When I worked in western North Carolina, I heard a local historian and folklorist explain that, in the high Appalachians, the settlement or town generally tended to be all of one faith, depending on which flavor of clergyman first made his way into the deep woods and high altitudes. There was most likely not going to be more than one church built, so everyone lined up behind the banner of the belief that got there first. They were generally solid Protestant churches, nothing fancy or extreme, just places to pull the community together for two things we have nearly lost today: fellowship and mutual help.

For our grandparents, the term "community of faith" was absolutely literal. Their church was who they were. They came from a time when Sundays were all-day events, with Sunday school, services, a quick break for dinner (not lunch), and then singing with supper on the grounds afterward. As they moved to town and the churches grew bigger and grander, they clung to this pattern. The men went to men's Sunday school classes, the women to ladies' classes, and everyone participated in a few social and service circles during the week.

Both my grandmothers defined themselves by their churches and their participation. There were awards for perfect attendance, longest attendance, and greatest service. No life event happened without the church ladies being there with food and helping hands. Our older girls were and are teachers, not preachers, in their faiths. They led by example and service.

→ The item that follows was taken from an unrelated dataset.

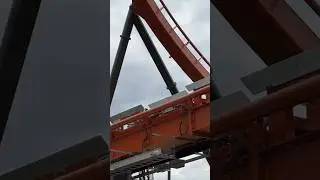 B&M Dive Brakes Retracting and Raising #rollercoaster #themepark #amusementpark #rides #dorneypark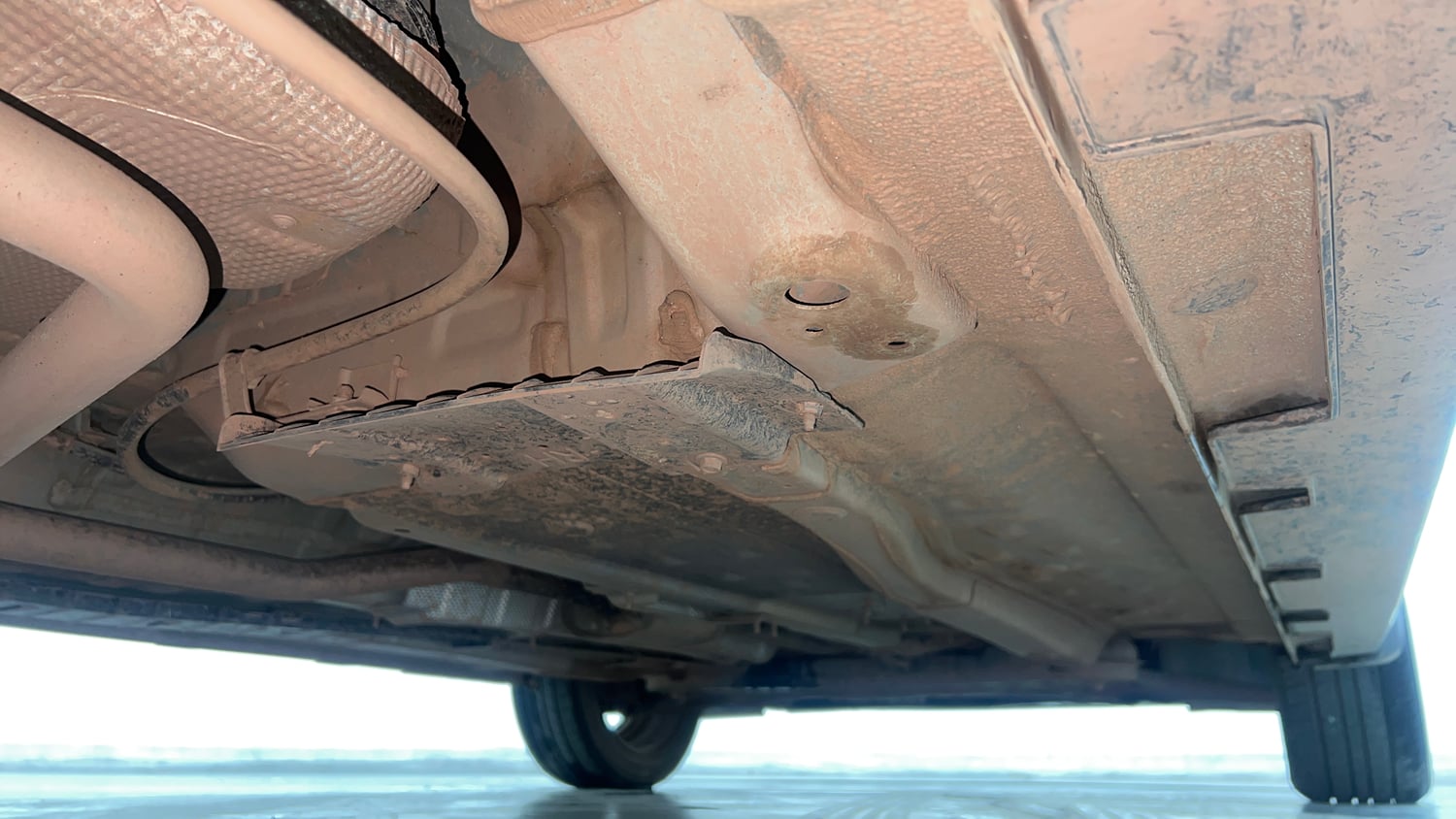 Used 2021 Hyundai i20 Sportz 1.2 MT Petrol Manual extra REAR RIGHT UNDERBODY VIEW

When I came across this recipe in Dolly's files, I was startled and initially appalled. Then I did what I should have done in the first place and read up on it. It's actually a lovely thing. Raisins were scarce, a real luxury food at one time. You didn't ever waste them. To have a whole pie filled with raisins was actually a loving and generous gift to a bereaved family. It celebrated the life of someone special and dear. Everyone brought enough food to get the family through a few weeks' worth of sad arrangements and adjustments. It was a promise from the community of faith that life would go on. You took this over, still warm, and helped out, knowing that someday you would be helped out in turn.

Pennsylvania-Dutch funeral pie

Make 2 crust pastry for 9” tin and line tin.

Cook covered until tender (5 minutes): 2 cups seeded raisins in 2 cups water.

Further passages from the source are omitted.